You may not be a fan of Star Wars, or of science fiction in general. You may not like the directing style of George Lucas. But one thing that no one can argue with is his success. My wife has been reading a book about the making of the first Star Wars Episode IV: A New Hope. It took George Lucas four years to make the first Star Wars movie. He directly oversaw almost all of the work himself, and dealt with a movie company who didn’t want to fund his movie or trust his direction decisions, a special effects company in California who didn’t complete work unless George was right there making it happen, and a labor force in London that would NEVER work past 5:30 and took three meal breaks a day. Fun fact, George Lucas hated writing, but he wrote the story and dialog for this movie by making himself sit at his desk 8 hours a day until the story was done. He didn’t wait to be “inspired,” instead he was just disciplined enough to get the job done! He was dedicated to his work, still working on the sound reel up to the day that the movie was released in theaters.

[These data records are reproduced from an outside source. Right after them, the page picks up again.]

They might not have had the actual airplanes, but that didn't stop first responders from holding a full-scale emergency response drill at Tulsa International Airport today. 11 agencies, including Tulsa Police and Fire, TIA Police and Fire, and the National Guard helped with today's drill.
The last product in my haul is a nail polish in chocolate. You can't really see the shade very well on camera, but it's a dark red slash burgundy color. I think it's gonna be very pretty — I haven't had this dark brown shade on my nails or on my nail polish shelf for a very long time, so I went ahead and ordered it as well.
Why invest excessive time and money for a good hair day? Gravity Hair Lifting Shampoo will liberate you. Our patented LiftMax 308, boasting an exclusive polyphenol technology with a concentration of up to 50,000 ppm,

The point of this story is that this man decided he was going to be successful at something and he didn’t quit until he made it work. He was passionate about what he was doing, and didn’t give up when things got hard, when people stood in the way of his creativity, or when he didn’t reap immediate rewards. Something else we can learn is that you don’t have to be an expert in a field before starting; you learn as you go. Star Wars was only the third film Lucas had directed. But he still gave it everything he had and more! The Star Wars universe that we see today is the result of the very dedicated work of one man not calling it quits, even in the months and years of frustration and resistance. His key: a little every day. He did something every day to make his dreams a reality. It wasn’t his hobby, it was his life and passion!

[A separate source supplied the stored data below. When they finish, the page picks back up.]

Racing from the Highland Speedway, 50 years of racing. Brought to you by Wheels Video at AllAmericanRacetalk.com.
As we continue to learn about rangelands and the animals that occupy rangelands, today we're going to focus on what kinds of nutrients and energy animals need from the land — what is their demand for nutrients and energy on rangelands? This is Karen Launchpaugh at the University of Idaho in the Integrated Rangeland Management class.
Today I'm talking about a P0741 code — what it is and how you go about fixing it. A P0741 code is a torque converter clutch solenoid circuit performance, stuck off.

We often find ourselves making a hobby of something that we say we want to do with our lives, and then wondering why it doesn’t work out. We let the urgent take over the important things. We let the daily clamour of life get in the way of dedicating ourselves to what we are good at and are passionate about. Do you really want to work for yourself? Do you really want to be the best painter, salesman, electrician, musician? What are you doing about it? Are you wishing, waiting for inspiration, or putting in an hour a week? Success is based on routine and habits applied over time. Creating a habit requires that you have a reason bigger than right now, and discipline to make yourself do it for at least three weeks consistently. Do you have what it takes, or do you just wish you had what it takes, but don’t want to work for it? We see someone’s success and wish it were ours. What we don’t see is what the success was built on: Rejection, discipline, sacrifice, late nights, doubts, failure, criticism, risk, and persistence, and did I say hard work!

“Timing, perseverance, and ten years of trying will eventually make you look like an overnight success.” – Biz Stone

This is not the part where you promise yourself that you will be committed to X until you are a raving success. That isn’t enough. You have to ask “Why am I doing this?” Then you have to let your ‘why’ drive you to make habits. Then you have to make your habits a way of life. Then over time you begin to see the fruit being produced, from the seeds of success that you planted, weeks, months, or even years ago, and have continued to water through your decisions and choices of how to use your time!

When you look at what you have achieved and what you want to achieve, don’t look at where you are not, rather look at where you want to go and build a road to get there. Find people to help you, encourage you, and people who will kick you in the seat of the pants when you want to quit. Make success a way of life, not a hobby. If you do this, you may be the next George Lucas, the next Steve Jobs, Bill Gates, Albert Einstein, Wright Brothers, the list goes on. Hard work is what they had in common. Not luck.

Create your own luck, Own it. Do it. Be Better.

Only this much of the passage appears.